Rex — A Family of Reversible Exponential (Stochastic) Runge

01 — Inversion of diffusion models

Diffusion sampling is a flow; existing solvers cannot reverse it exactly

Diffusion models have quickly become the state of the art across many generation tasks; sampling from them amounts to integrating an ODE or SDE from a simple prior to a complex data distribution . For diffusion models the reverse-time generative process is itself an SDE , and many downstream applications require solving the same equation in the encoding direction. Encoding samples from the data distribution back into the model's underlying prior is referred to as the inversion of the diffusion model, and it requires a bijective map between the two distributions.

Inversion underpins a range of tasks: image editing encodes a real image back to its latent noise and re-decodes under a new prompt ; Boltzmann sampling uses the change-of-variables formula to assign exact likelihoods ; gradient-based fine-tuning and reward-guided sampling require accurate adjoints . In each of these settings the round trip $\boldsymbol x_0 \!\to\! \boldsymbol x_T \!\to\! \boldsymbol x_0$ must close exactly; an approximate inverse is not sufficient.

The continuous flow itself is a bijection; truncation error from discretization is what breaks the round trip. Several prior works have proposed reversible solvers for the probability flow ODE, namely EDICT , BDIA , and BELM . These schemes are, however, plagued by issues of low order of convergence and a lack of linear stability, amongst other undesirable properties. To the best of our knowledge, no prior scheme achieves exact inversion for diffusion SDEs without storing the entire Brownian trajectory in memory, which precludes adaptive step sizes and is impractical at scale.

Moreover, reversibility has so far been constructed one solver at a time; no general procedure exists for converting an explicit (S)RK scheme — Euler, midpoint, RK4, Dormand–Prince, Euler–Maruyama — into a reversible solver tailored to the semi-linear structure of the diffusion ODE/SDE. This is the gap Rex closes.

Figure 2. Five forward Euler steps $\boldsymbol x_{n+1} = \boldsymbol x_n + h\,\boldsymbol f(\boldsymbol x_n)$ encode a data point to noise; the dotted curve is the true ODE solution and the bold polyline is what Euler computes.
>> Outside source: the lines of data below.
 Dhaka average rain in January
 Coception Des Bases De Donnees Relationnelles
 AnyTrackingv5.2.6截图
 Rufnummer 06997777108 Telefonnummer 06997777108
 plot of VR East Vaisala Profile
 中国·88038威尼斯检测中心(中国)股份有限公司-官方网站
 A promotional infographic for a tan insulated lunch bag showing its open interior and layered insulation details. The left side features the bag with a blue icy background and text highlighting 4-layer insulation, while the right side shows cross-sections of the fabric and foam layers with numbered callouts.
Top: the reverse Euler iteration uses different tangents at each step, so the recovered point $\boldsymbol x'_0$ drifts from $\boldsymbol x_0$ and the round trip incurs a nonzero error $\varepsilon > 0$. Bottom: in Rex, each backward step is the closed-form algebraic inverse of the corresponding forward step; the same chords are retraced and the trajectory closes exactly.
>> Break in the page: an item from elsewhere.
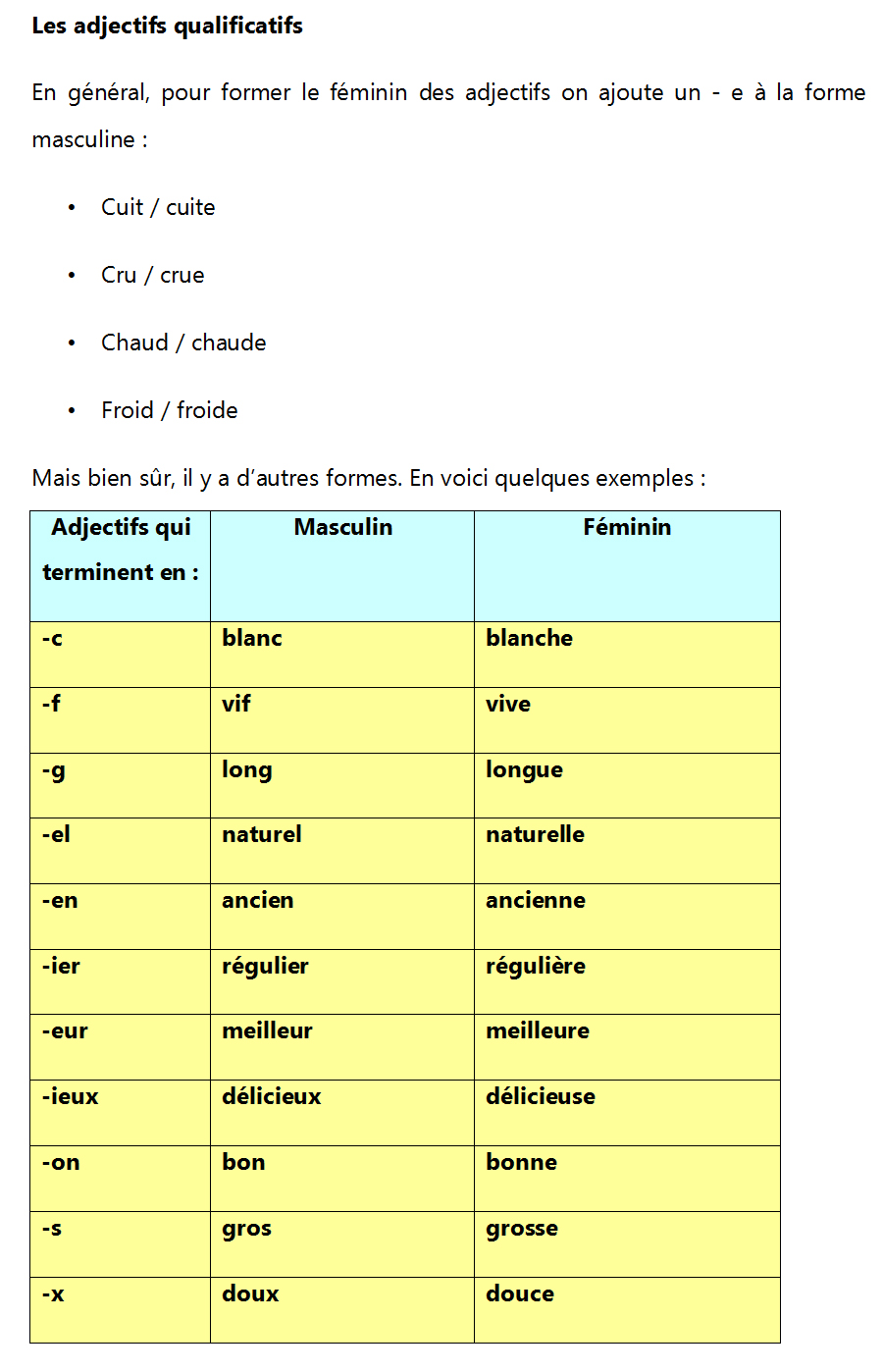 Adjectifs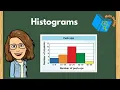 Histograms Explained How to Make a Histogram Math Defined with Mrs C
Two largely independent research traditions have examined this problem from different perspectives. The first grew up inside the diffusion community itself, developing schemes with bijective structure: EDICT’s coupled latent trick, BDIA’s bidirectional integration, and BELM’s linear-multistep construction. The second comes from the neural differential equation community, where reversibility has been pursued for memory-efficient backpropagation through neural differential equations. Early milestones there include MALI, followed by reversible Heun, and then the recent McCallum–Foster framework. Rex sits at the confluence: it borrows the McCallum–Foster coupling from the neural ODE lineage and adapts it to the exponential-integrator structure that the diffusion lineage relies on, yielding a single construction that subsumes both.

Timeline of reversible solver research

2021

MALI Asynchronous leapfrog; ODE-only.

Reversible Heun Reversible ODE/SDE solver.
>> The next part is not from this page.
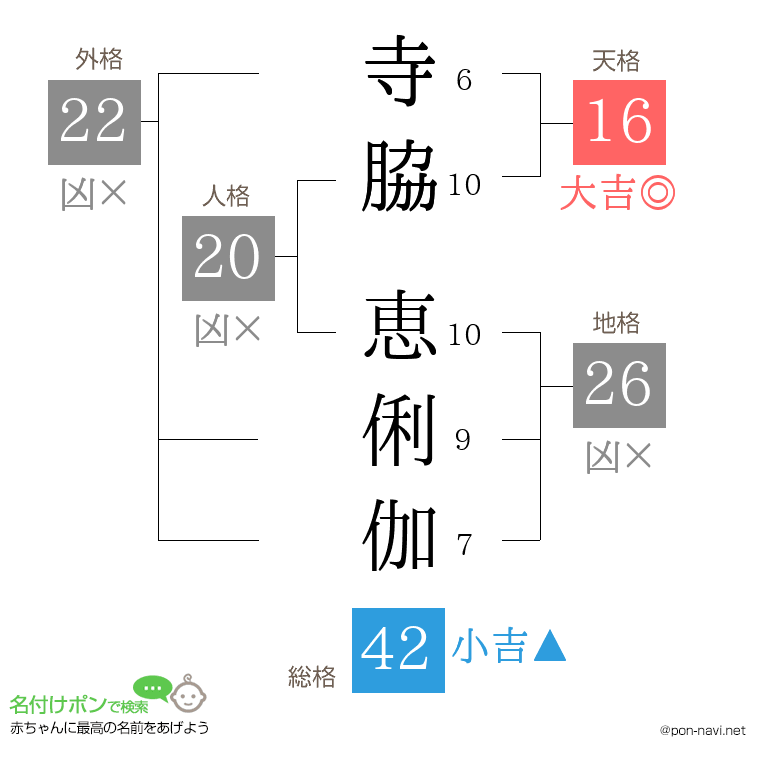 寺脇 恵俐伽さんの姓名判断結果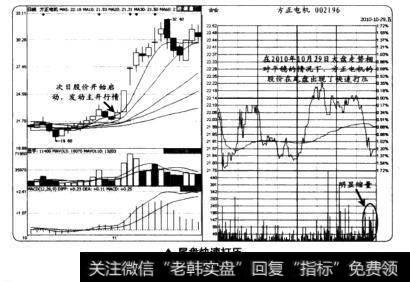 尾盘快速打压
DDIM Inversion Non-exact inversion.

2022

2023

EDICT Coupled-latent trick for DDIM.

2024

BDIA Bidirectional integration.

McCallum–Foster Arbitrary-order reversible ODE solver, with non-trivial stability.

BELM / O-BELM Linear multi-step method.

2025

2026 Rex A single construction that turns any explicit (S)RK scheme into a reversible solver tailored to the diffusion ODE/SDE — subsuming both lineages.

The construction itself is the subject of the next section. We first present the explicit (S)RK family that Rex operates on, then the exponential–integrator step that absorbs the semi-linear drift, and finally the McCallum–Foster coupling that closes the round trip in closed form.

02 — The Rex construction

Constructing reversible solvers from arbitrary explicit (S)RK schemes

We propose Rex, a Reversible Exponential (Stochastic) Runge–Kutta family of solvers for diffusion models. Given any explicit (S)RK scheme $\boldsymbol\Phi$, Rex constructs an algebraically reversible solver tailored to the semi-linear structure of the diffusion ODE/SDE. The construction proceeds in two stages: an exponential-integrator step which absorbs the linear drift, followed by a McCallum–Foster-style coupling which yields a closed-form inverse.

The Rex construction

Φ — explicit (S)RK schemeAn explicit (stochastic) Runge–Kutta scheme: Euler, midpoint, RK4, Dormand–Prince, Euler–Maruyama, ShARK .
Ψ — exponential integrator (Princeps)Apply Lawson methods to fold $\boldsymbol\Phi$ around the semi-linear drift of the reparameterized diffusion equation. We call this intermediate family Princeps; it already subsumes DDIM , DPM-Solver , gDDIM , and SEEDS-1 as special cases.
Υ — algebraically reversible solver (Rex)Wrap $\boldsymbol\Psi$ in a McCallum–Foster coupling with an auxiliary state $\hat{\boldsymbol x}$. The forward and backward steps are closed-form inverses of one another.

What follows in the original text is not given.